::: DATA UNDER STUDY :::

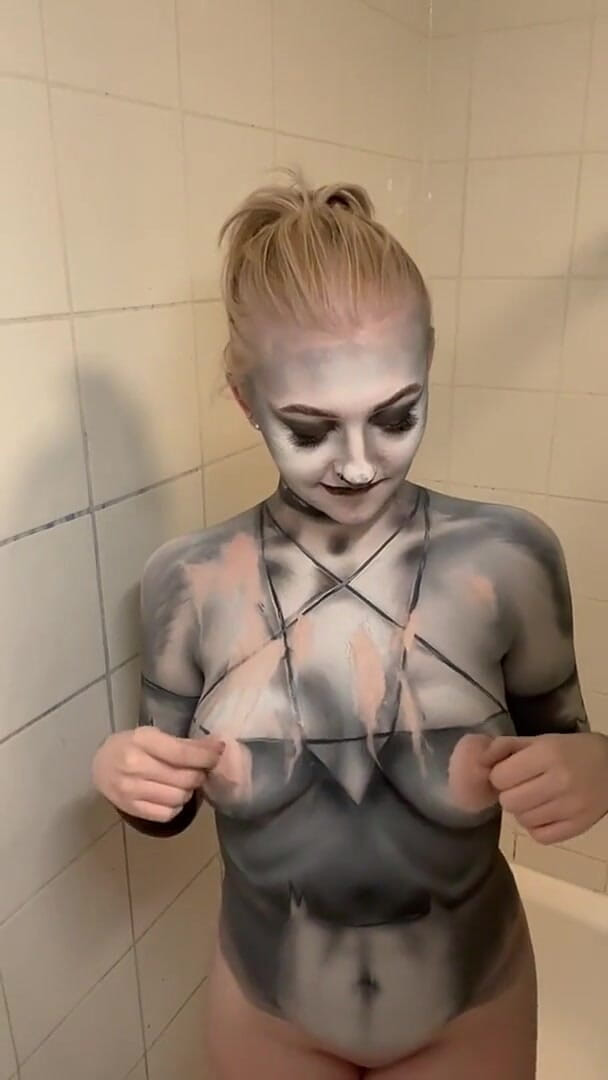 Em Yang: Cosplay Loona Wolf Body Paint Removal &amp; Tit Play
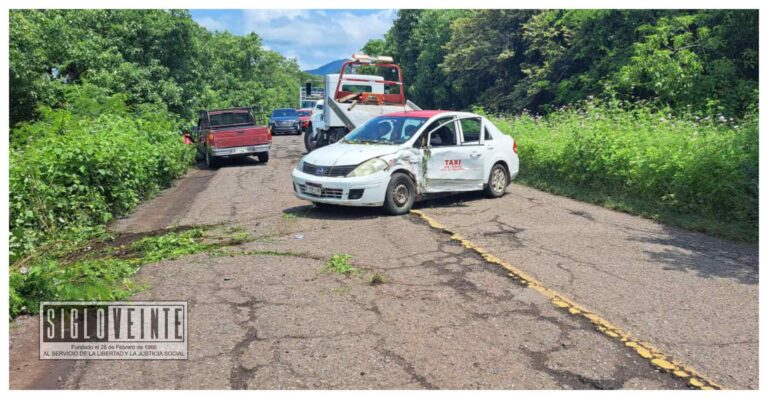 Choca taxi y camioneta cerca de Puertas de Chiripio, no hay lesionados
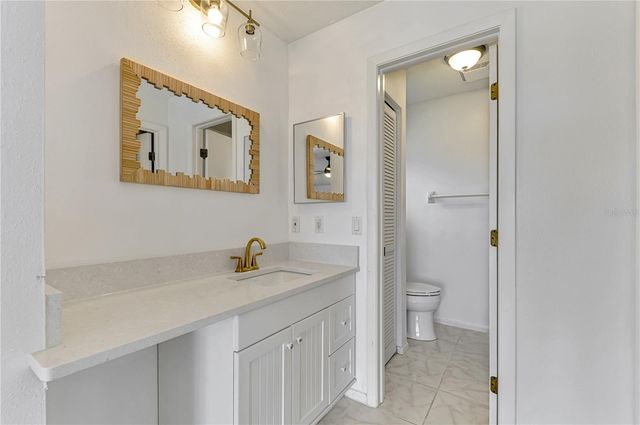 31 OAKLAND HILLS COURT, Rotonda West, FL 33947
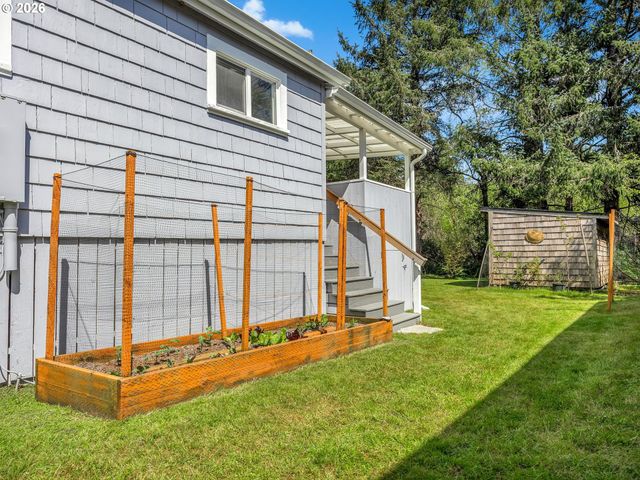 631 N LARCH St, Cannon Beach, OR 97110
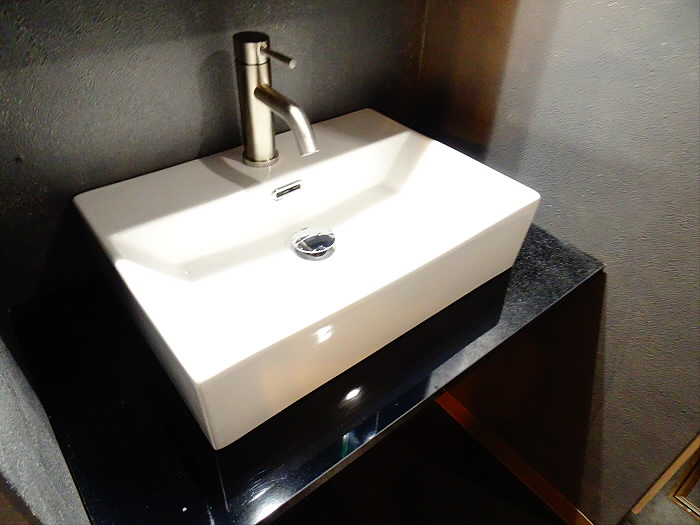 東 ビルの洗面所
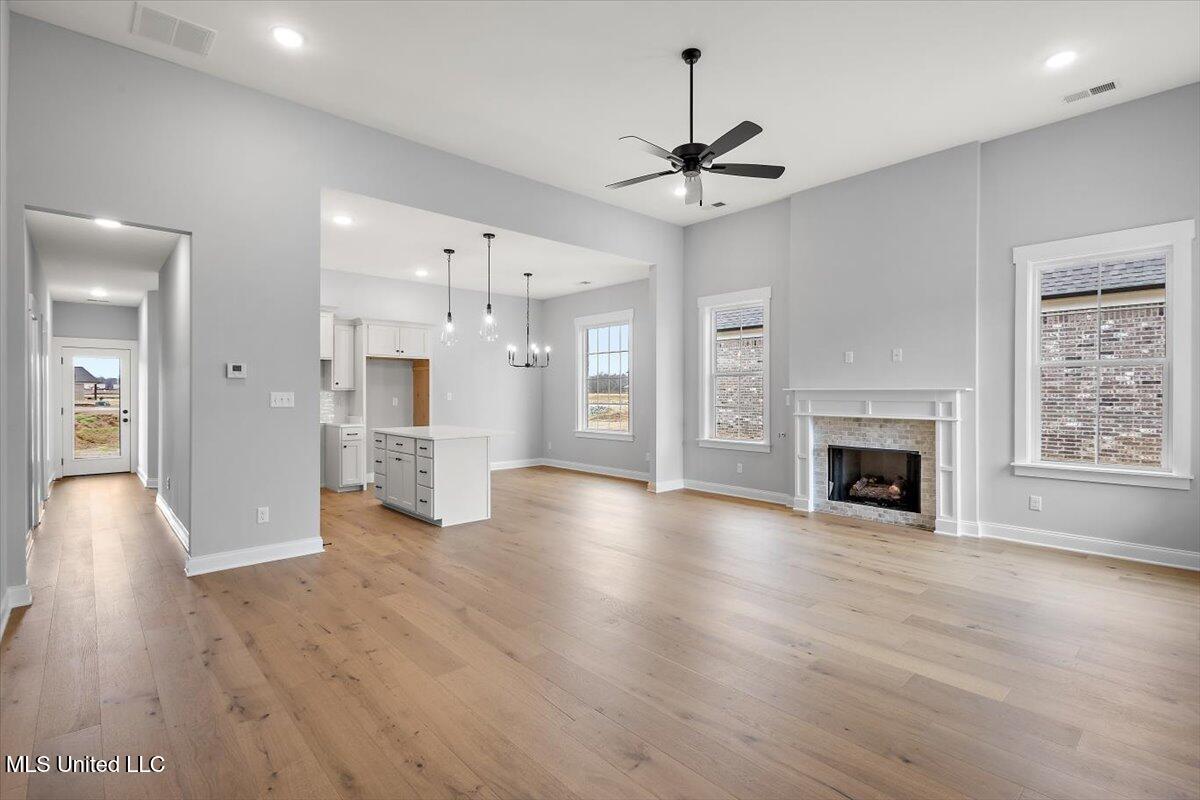 811 Coahoma Court Nesbit, MS 38651 - Photo 9 of 32 Isola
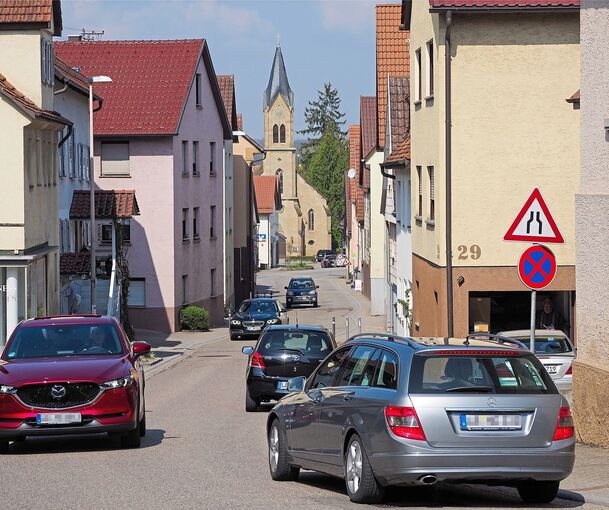 In der Hochberger Mitte geht es oft eng zu, in den Stoßzeiten staut sich hier der Verkehr. Archivfoto: Holm Wolschendorf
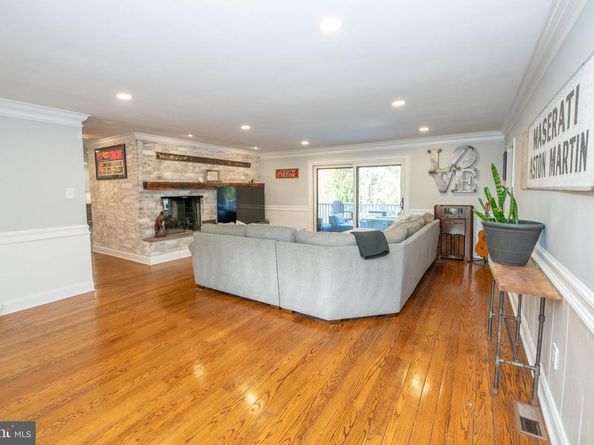 339 Pepper Road, Huntingdon Valley PA 19006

:::

ASSIGNMENT
The answer should contain every line of the material exactly as written and no pictures.

ANSWER SECTION
 Em Yang: Cosplay Loona Wolf Body Paint Removal &amp; Tit Play
 Choca taxi y camioneta cerca de Puertas de Chiripio, no hay lesionados
 31 OAKLAND HILLS COURT, Rotonda West, FL 33947
 631 N LARCH St, Cannon Beach, OR 97110
 東 ビルの洗面所
 811 Coahoma Court Nesbit, MS 38651 - Photo 9 of 32 Isola
 In der Hochberger Mitte geht es oft eng zu, in den Stoßzeiten staut sich hier der Verkehr. Archivfoto: Holm Wolschendorf
 339 Pepper Road, Huntingdon Valley PA 19006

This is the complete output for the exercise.